All’estrema sinistra una madre lancia al cielo il suo grido straziante mentre stringe fra le mani il cadavere del figlio. Picasso lo definirà un riferimento esplicito alla pietà di Michelangelo. Al vertice un cavallo ferito, simbolo del popolo spagnolo, nitrisce dolorosamente protendendo verso l’alto una lingua aguzza come una scheggia di vetro. Sopra di lui una lampada che illumina la scena e rende evidente ciò che sta accadendo. Da una finestra una figura femminile sporge una lampada. E' un omaggio e una dedica a Dora Maar che per prima ha aperto gli occhi del pittore sull'orrore di Guernica e ad insistere perché si prendesse posizione.

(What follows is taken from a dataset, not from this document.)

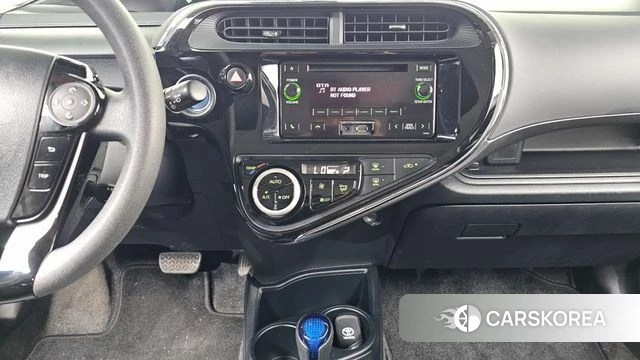 Toyota Prius C 2019 Белый из Кореи, фото 3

Ovunque morte e distruzione, sottolineate da un disegno duro e quasi tagliente. All’angolo inferiore destro una donna in ginocchio tende le braccia al cielo. Al suolo, tra le macerie, si assiste all’orrore dei cadaveri straziati.

Esattamente al centro del dipinto una mano serra ancora una spada spezzata, da cui germoglia un fiore: è l'unico segno di speranza, ma da il senso profondo dell'opera. Occorre far luce sull'orrore, squarciare le tenebre che coprono la violenza e la vogliono rendere invisibile e impunita. Solo così può risorgere dalle rovine e dalla morte il fiore della libertà e della pace. Questo è il compito dell'artista: fare luce, rappresentare l'indicibile, lasciare aperta una via alla speranza.

“Io – affermerà anni più tardi Picasso - non ho mai considerato la pittura come un’arte di puro piacere, di distrazione. Io ho voluto con il disegno e col colore, dato che sono le mie armi, penetrare sempre più nella coscienza degli uomini e del mondo, affinché questa coscienza ci liberi ogni giorno di più”.